Tais expressões constituem para os hagiógrafos mais do que
ornamentos literários. Com efeito, por elas se traduz uma concepção religiosa
intimamente arraigada na alma do israelita e nos escritos bíblicos em geral: a
natureza toda é solidária com o homem, seu rei; é transmissora de mensagem
divina, ora de repreensão (para o indivíduo ou os povos pecadores), ora de
louvor e congratulação jubilosa (para quem é reto); em outros termos: a
natureza reflete a voz de Deus, por ela se manifesta o Criador e o Senhor
Providente.
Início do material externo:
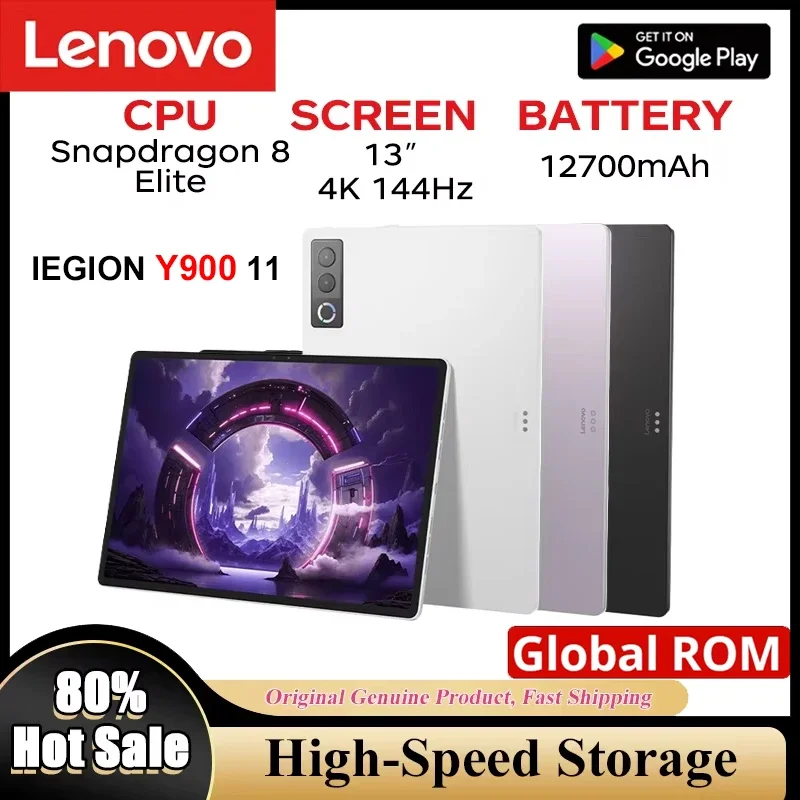Lenovo Legion Y900 Gaming Tablet 13 Inch 144Hz Snapdragon 8 Gen 3 10200mAh Android 16 For Game And Movie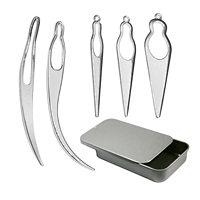 Outil d'Interverrouillage pour Dreadlocks et Locs, Aiguille à Crochet pour Tissage, Idéal pour Sisterlocks, Artisanat et Extensions de Cheveux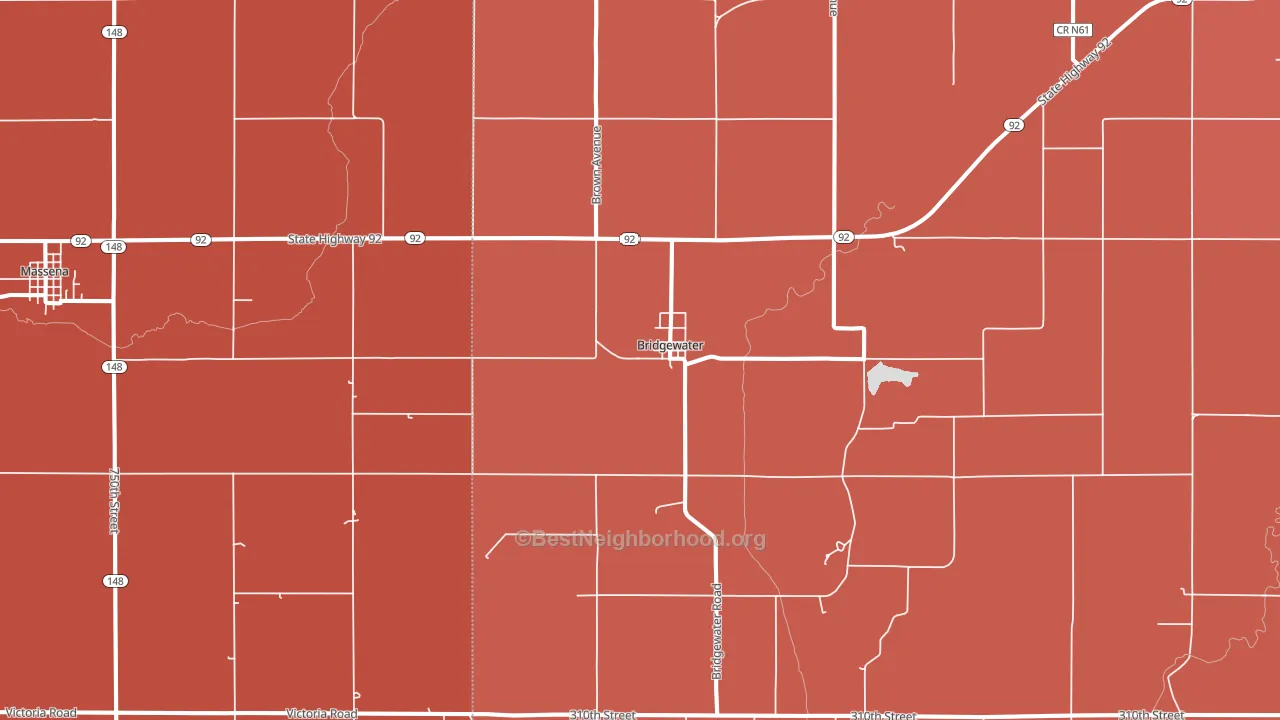 50837, IA block-group political-lean map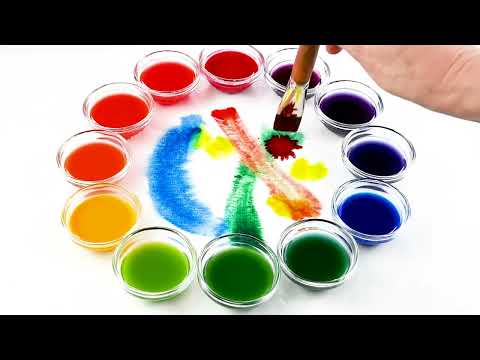 video of artist using the Stockmark watercolor paints from the art kit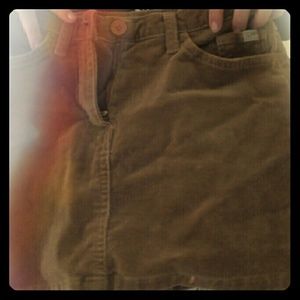 Cute brown jean skirt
Esta verdade, aliás, é insinuada já pelas primeiras páginas da
Escritura, que referem ter a natureza entrado em desordem por efeito do pecado
do homem (cf. Gen 3); S. Paulo, em consequência, diz que até o fim dos tempos os
irracionais "gemem", sujeitos aos abusos que deles faz o homem, e
aguardam a glorificação dos filhos de Deus (cf. Rom 8, 19-22).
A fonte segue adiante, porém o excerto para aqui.